WORK INSTRUCTIONS
Look through the data below and extract, unchanged, the lines from the one that contains "2BD 2BTH - Plaza" to the one that contains "PuzzleTeppich gratis. Liebe", both included.

(Dataset records)
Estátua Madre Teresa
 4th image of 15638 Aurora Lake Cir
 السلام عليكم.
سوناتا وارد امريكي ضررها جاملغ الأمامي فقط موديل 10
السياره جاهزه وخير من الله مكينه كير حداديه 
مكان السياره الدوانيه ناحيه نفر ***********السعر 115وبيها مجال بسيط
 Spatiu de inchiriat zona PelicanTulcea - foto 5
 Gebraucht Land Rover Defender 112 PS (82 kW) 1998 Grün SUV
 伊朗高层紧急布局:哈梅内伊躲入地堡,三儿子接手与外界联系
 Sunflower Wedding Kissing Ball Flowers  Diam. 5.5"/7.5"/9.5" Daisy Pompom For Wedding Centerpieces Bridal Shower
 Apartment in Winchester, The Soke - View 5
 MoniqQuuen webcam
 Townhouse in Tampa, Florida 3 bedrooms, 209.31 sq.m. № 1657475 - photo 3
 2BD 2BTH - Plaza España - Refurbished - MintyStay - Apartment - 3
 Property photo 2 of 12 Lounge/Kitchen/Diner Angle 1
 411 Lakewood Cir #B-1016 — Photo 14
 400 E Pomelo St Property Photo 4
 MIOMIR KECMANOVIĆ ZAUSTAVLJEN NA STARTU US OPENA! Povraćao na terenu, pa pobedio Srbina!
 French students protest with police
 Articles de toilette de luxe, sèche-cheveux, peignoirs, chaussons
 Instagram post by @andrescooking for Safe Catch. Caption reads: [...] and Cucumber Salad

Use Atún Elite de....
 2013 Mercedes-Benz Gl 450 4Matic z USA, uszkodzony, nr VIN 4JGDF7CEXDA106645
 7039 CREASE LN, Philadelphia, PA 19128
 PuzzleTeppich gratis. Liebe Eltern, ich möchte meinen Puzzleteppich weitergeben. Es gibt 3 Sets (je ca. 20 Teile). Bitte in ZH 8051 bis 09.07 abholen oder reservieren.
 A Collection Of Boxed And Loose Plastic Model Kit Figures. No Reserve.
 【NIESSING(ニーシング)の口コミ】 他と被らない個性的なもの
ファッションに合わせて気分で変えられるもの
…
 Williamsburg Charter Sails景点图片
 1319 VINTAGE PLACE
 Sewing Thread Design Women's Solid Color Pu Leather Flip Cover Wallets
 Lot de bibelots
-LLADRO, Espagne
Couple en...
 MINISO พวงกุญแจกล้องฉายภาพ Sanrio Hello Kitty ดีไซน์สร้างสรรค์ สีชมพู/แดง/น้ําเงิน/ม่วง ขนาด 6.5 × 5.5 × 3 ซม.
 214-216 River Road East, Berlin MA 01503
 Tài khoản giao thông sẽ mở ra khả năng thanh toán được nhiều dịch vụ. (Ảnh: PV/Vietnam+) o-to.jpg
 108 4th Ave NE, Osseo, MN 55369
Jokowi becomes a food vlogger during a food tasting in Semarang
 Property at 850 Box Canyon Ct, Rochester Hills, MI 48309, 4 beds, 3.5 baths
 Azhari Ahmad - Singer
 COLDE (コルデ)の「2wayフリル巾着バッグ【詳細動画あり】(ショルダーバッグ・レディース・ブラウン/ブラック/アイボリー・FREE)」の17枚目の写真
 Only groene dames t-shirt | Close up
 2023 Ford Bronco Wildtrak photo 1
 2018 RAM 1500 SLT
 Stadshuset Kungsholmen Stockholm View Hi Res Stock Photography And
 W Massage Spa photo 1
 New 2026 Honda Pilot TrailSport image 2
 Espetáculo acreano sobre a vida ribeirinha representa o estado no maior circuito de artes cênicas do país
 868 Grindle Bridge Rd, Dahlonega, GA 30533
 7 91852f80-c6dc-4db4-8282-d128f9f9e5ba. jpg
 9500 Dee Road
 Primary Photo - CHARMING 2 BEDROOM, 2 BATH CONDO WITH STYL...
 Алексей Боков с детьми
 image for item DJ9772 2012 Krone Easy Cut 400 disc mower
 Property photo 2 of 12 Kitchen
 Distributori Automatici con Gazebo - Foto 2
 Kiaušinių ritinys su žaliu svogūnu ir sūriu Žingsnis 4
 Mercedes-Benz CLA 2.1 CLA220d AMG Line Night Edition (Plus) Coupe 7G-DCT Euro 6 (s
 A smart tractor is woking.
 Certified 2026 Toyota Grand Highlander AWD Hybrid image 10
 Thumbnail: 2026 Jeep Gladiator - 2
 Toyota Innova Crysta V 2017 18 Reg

WRITTEN ANSWER
 2BD 2BTH - Plaza España - Refurbished - MintyStay - Apartment - 3
 Property photo 2 of 12 Lounge/Kitchen/Diner Angle 1
 411 Lakewood Cir #B-1016 — Photo 14
 400 E Pomelo St Property Photo 4
 MIOMIR KECMANOVIĆ ZAUSTAVLJEN NA STARTU US OPENA! Povraćao na terenu, pa pobedio Srbina!
 French students protest with police
 Articles de toilette de luxe, sèche-cheveux, peignoirs, chaussons
 Instagram post by @andrescooking for Safe Catch. Caption reads: [...] and Cucumber Salad

Use Atún Elite de....
 2013 Mercedes-Benz Gl 450 4Matic z USA, uszkodzony, nr VIN 4JGDF7CEXDA106645
 7039 CREASE LN, Philadelphia, PA 19128
 PuzzleTeppich gratis. Liebe Eltern, ich möchte meinen Puzzleteppich weitergeben. Es gibt 3 Sets (je ca. 20 Teile). Bitte in ZH 8051 bis 09.07 abholen oder reservieren.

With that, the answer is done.